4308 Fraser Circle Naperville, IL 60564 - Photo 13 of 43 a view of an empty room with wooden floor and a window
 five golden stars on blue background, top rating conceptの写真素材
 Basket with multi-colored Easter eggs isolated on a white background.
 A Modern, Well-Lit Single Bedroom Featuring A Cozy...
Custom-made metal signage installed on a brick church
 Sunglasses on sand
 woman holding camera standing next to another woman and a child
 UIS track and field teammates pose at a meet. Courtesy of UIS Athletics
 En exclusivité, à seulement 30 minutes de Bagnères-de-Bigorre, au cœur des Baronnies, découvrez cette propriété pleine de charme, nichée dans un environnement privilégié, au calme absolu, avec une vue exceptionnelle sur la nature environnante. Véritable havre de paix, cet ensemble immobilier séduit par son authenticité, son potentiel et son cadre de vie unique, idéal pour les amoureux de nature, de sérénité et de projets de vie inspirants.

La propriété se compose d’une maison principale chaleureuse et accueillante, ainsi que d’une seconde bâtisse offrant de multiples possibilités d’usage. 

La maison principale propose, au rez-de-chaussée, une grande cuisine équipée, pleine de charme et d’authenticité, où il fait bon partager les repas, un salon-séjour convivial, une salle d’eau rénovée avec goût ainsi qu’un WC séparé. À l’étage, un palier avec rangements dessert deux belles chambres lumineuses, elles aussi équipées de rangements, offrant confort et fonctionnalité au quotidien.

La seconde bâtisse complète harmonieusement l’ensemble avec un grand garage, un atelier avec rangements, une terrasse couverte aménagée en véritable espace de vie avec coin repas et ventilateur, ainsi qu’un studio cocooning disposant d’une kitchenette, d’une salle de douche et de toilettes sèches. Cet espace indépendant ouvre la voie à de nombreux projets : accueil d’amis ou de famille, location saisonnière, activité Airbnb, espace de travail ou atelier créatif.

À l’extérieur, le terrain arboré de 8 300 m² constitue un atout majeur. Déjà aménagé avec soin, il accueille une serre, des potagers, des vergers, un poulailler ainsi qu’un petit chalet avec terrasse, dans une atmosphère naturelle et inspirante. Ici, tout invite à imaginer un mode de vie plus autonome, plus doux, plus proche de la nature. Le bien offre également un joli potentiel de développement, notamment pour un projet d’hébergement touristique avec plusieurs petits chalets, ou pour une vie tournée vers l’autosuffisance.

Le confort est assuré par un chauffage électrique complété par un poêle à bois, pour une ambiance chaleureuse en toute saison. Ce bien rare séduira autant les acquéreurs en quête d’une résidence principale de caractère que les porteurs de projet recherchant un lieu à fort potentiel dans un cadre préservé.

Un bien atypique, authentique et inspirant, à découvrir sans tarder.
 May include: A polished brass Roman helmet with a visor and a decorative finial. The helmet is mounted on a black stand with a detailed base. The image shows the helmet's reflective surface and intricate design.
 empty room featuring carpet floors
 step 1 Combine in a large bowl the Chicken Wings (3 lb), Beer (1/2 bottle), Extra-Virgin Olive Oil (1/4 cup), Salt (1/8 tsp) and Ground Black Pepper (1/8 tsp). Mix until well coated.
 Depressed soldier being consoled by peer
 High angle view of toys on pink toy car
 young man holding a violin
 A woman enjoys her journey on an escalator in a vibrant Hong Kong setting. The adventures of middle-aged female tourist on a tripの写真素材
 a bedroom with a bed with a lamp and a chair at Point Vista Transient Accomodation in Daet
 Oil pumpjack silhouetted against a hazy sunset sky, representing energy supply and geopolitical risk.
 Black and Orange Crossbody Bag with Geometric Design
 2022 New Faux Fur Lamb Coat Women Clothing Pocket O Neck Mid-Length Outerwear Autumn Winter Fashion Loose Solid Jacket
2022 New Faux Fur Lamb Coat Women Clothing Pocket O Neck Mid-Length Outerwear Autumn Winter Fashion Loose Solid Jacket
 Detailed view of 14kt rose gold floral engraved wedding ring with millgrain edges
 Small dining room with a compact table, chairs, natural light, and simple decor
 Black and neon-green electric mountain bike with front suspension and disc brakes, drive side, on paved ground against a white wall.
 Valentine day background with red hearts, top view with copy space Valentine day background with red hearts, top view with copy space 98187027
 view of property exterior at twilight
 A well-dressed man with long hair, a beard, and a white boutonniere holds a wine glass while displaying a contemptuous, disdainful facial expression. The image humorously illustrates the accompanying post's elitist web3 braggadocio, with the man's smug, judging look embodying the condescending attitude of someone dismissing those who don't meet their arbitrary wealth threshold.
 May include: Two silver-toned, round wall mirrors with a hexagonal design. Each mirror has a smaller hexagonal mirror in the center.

WORK TO BE COMPLETED: Among the records above, extract exactly the lines from the line with "young man holding a violin" to the line with "view of property exterior at twilight", both lines included, and leave out the rest.

COMPLETED EXERCISE:
 young man holding a violin
 A woman enjoys her journey on an escalator in a vibrant Hong Kong setting. The adventures of middle-aged female tourist on a tripの写真素材
 a bedroom with a bed with a lamp and a chair at Point Vista Transient Accomodation in Daet
 Oil pumpjack silhouetted against a hazy sunset sky, representing energy supply and geopolitical risk.
 Black and Orange Crossbody Bag with Geometric Design
 2022 New Faux Fur Lamb Coat Women Clothing Pocket O Neck Mid-Length Outerwear Autumn Winter Fashion Loose Solid Jacket
2022 New Faux Fur Lamb Coat Women Clothing Pocket O Neck Mid-Length Outerwear Autumn Winter Fashion Loose Solid Jacket
 Detailed view of 14kt rose gold floral engraved wedding ring with millgrain edges
 Small dining room with a compact table, chairs, natural light, and simple decor
 Black and neon-green electric mountain bike with front suspension and disc brakes, drive side, on paved ground against a white wall.
 Valentine day background with red hearts, top view with copy space Valentine day background with red hearts, top view with copy space 98187027
 view of property exterior at twilight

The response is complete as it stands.